397 points by MilkMp 18 hours ago


A structured archive of CIA World Factbook data spanning 1990–2025. It currently includes: 36 editions 281 entities ~1.06M parsed fields full-text + boolean search country/year comparisons map/trend/ranking analysis views CSV/XLSX/PDF export The goal is to preserve long-horizon public-domain government data and make cross-year analysis practical. Live: https://cia-factbook-archive.fly.dev About/method details: https://cia-factbook-archive.fly.dev/about Data source is the CIA World Factbook (public domain). Not affiliated with the CIA or U.S. Government.

1659447091 - 10 hours ago

There is a github of the factbook for anyone that just wants JSON or markdown files:=> https://github.com/factbook

"A cache for datasets for the country profiles from the World Factbook in the original (1:1) format from the cia.gov website"

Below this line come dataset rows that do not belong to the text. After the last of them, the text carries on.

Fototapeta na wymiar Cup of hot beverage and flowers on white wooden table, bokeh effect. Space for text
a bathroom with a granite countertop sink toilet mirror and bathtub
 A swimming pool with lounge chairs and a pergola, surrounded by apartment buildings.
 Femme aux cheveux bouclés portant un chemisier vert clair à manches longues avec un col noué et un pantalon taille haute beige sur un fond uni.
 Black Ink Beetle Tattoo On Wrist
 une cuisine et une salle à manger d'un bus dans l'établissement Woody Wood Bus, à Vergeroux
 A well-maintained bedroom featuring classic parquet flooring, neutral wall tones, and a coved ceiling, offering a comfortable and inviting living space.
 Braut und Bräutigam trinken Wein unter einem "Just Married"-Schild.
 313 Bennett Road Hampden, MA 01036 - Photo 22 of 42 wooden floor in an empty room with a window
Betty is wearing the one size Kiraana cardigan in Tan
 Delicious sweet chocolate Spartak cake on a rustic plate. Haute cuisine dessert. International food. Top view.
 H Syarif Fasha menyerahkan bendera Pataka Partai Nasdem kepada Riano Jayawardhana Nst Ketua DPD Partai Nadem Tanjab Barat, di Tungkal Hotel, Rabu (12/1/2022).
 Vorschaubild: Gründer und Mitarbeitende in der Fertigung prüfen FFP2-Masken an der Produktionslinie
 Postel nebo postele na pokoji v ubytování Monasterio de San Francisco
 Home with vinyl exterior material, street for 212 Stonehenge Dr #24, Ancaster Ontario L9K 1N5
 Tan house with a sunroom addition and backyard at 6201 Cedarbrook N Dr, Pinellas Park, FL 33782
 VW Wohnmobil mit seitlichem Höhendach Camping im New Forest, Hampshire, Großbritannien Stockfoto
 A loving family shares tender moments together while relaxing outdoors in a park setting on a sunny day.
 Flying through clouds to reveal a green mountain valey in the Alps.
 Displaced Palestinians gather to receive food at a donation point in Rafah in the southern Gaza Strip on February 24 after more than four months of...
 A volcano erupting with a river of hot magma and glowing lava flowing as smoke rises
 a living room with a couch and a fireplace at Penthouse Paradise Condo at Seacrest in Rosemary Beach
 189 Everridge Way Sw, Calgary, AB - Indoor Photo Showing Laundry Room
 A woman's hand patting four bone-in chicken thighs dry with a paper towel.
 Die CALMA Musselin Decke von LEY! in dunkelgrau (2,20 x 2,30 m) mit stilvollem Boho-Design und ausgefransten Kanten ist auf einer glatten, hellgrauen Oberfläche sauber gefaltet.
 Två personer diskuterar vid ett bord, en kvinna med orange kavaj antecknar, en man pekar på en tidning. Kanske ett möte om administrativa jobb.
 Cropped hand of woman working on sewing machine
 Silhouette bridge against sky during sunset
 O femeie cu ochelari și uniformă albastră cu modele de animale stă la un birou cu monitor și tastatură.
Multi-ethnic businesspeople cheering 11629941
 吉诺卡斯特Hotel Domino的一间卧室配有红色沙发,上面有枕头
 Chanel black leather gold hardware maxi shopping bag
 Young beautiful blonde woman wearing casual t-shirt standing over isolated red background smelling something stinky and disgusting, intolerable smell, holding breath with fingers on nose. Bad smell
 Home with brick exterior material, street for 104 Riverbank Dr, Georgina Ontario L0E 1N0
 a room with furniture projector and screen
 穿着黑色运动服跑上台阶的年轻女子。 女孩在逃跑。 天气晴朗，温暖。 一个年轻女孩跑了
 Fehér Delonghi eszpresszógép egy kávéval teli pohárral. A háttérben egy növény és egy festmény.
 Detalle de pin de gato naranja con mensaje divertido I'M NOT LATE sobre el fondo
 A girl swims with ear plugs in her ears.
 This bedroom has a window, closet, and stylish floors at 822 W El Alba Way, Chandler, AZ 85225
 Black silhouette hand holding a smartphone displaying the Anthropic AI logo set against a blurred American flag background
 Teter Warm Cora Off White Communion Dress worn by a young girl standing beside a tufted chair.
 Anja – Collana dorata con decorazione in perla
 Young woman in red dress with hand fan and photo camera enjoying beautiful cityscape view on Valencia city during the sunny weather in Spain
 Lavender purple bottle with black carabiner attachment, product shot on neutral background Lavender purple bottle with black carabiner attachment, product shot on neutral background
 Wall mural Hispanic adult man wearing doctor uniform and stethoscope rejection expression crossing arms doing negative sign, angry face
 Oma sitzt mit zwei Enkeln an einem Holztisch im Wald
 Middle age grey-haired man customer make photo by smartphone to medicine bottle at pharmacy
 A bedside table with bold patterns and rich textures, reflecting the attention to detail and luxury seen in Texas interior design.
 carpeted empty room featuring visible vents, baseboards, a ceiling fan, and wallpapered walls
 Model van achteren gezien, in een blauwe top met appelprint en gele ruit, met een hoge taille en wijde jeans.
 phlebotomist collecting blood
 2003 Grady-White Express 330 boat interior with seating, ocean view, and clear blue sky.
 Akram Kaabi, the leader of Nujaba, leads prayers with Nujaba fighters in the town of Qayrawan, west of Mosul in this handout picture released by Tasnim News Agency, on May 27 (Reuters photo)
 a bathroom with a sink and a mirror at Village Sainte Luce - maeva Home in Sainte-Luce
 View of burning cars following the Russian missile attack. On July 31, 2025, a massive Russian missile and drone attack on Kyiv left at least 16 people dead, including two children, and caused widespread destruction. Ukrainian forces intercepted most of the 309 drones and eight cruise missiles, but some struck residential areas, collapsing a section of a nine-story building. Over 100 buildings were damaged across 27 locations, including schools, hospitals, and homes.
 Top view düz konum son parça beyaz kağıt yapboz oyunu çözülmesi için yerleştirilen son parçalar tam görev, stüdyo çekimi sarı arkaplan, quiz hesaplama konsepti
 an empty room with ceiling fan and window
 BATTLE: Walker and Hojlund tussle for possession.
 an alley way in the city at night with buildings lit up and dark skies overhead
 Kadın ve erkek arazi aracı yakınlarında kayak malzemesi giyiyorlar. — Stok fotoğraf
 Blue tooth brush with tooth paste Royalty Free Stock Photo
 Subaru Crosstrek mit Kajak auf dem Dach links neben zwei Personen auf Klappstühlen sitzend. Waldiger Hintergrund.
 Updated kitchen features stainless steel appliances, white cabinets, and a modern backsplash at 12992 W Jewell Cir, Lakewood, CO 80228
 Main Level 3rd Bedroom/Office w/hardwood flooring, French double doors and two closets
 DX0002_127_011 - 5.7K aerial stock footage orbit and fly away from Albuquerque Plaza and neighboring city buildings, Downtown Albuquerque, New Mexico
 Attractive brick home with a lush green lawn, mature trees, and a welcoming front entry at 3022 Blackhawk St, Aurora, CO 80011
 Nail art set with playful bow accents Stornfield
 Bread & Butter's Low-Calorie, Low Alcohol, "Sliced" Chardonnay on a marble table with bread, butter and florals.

https://github.com/factbook/cache.factbook.json

srinath693 - 9 hours ago

This is how Show HN should work. Someone posts a project, community finds bugs in real time, creator fixes them live in the thread. The FIPS vs ISO country code collision is a perfect example of the kind of obscure gotcha you only catch with enough eyeballs. Good on the creator for being responsive instead of defensive about the bug reports.

b8 - 16 hours ago

2025-2026 is available (to purchase/read outside or ur site) and the last version 2026-2027 is planed for release on April 7th, https://www.amazon.com/CIA-World-Factbook-2026-2027-ebook/dp....

knuckleheads - 6 hours ago

The very first program I ever wrote that I was proud of was a CIA world factbook scraper and report generation script in High School. A hard ass of a teacher had people grab a random assortment of facts about random countries on there and put it all into word, under the guise that it taught you something about the countries. It was entirely formulaic and I remember the lightning realization I could use the Java I was learning in AP class. I made a bet with my roommate that I could write the program to do it faster than it took him to actually do it. I went over by a half hour, but I posted it to facebook and there was much rejoicing in the class.

globalise83 - 8 hours ago

My guess is that the current administration has deleted all internal data from the CIA World Factbook to prevent any attempt to revive it in future. Would be amazing if the next US administration were to use this archived data to rebuild it.

freakynit - 10 hours ago

To the author:

In case you are patching fields/bugs in database (like country codes for example), would it be possible for you to share that database as well with us so we can build on top?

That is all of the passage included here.